Most of us know of Haldiram’s, Bikanerwala, Balaji, Chitale Bandhu and other leading traditional snacks players in the Indian market. How are they different from the likes of Wingreens Naan Chips, Happilo, Wakao, Whole Truth Food, etc?
Maybe, we don’t yet know of these entrants in the D2C hemisphere. They are companies that have entered internet first and are now ramping up their general trade presence. Some D2C brands like Mamaearth, Sugar Cosmetics, Juicy Chemistry, Ustra are very much mainstream now.
So while the new entrants use technology, their deep VC funded resources and their digital marketing muscle to increase their market share, how do the traditional brands do it? For one, traditional brands, like those mentioned earlier are definitely are not giving up.
Traditional businesses realize the potential that the online market has, and are now pivoting to create their own proposition. Being legacy companies, they have the additional challenge of managing their existing distribution eco-system along with that of the e-commerce system.
But the dynamics of retail distribution for both are poles apart. Retail distribution of traditional companies thrive on mass scale, lower margins, while the e-commerce equation is all about speed, digital promotion and delivery of units. Traditional business houses hence need to balance the interests of both ends of the spectrum, avoid getting into channel conflict. They have certain factors that are in their favour viz:
- A known brand
- Various stock keeping points across the country
- Organizational team to tap into
The need now is to tweak the system to prepare for the fast paced e-commerce train.
Order fulfilment in supply chain of traditional businesses
Traditional businesses can use the new-age fulfilment companies that have tech integrations with marketplaces and shipping companies, and have automated picking and packing processes. A hybrid omnichannel model by which stock is picked up from nearby existing stock keeping point when an order is placed by an end customer would possibly be ideal for such enterprises. They can rely on these new-age 3PL companies to manage the inventory, packaging process, doorstep delivery all at once.
An e-commerce business moves fast, hence the need is to have a fulfilment provider who can move at the same speed. In an established set-up that most of these businesses will have, the motivation is to set up fulfilment in-house as it may be convenient doing so. However, chances are that your business isn’t in a location that offers optimal costs as well as the processes are not tuned for that agility.
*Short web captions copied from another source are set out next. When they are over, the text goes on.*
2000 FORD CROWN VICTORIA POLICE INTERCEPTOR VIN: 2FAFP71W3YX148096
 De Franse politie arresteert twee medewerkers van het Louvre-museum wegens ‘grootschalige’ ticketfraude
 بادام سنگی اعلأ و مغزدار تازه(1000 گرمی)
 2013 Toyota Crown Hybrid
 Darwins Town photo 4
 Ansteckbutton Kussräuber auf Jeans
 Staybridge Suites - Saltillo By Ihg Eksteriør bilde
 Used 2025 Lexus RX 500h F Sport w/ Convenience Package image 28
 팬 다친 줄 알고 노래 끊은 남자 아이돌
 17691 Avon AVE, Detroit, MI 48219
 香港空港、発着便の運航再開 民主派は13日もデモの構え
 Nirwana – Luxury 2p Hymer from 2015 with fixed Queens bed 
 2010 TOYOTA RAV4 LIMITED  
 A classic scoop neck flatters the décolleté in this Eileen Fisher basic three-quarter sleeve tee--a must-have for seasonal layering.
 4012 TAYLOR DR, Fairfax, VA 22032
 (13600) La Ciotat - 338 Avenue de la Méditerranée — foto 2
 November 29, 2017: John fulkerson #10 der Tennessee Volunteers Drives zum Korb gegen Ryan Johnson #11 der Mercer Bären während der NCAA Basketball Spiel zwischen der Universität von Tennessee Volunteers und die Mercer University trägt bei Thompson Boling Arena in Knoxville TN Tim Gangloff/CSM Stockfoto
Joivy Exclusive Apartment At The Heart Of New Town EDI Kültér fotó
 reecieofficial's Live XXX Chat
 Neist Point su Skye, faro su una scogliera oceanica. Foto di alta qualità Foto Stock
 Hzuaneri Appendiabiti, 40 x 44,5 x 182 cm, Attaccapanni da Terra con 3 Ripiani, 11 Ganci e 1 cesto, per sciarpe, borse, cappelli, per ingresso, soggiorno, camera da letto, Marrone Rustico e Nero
For the traditional enterprise, partnering with a fulfilment company will help them reduce their operating overhead costs. They would not need to spend a fortune creating a separate facility in packing supplies, shipping, hiring quality maintenance person, rent space for storage, and maintain inventory checklists and so on. The fulfilment partner can get the technology, experience, and industry leadership that can make their e-commerce business run effectively.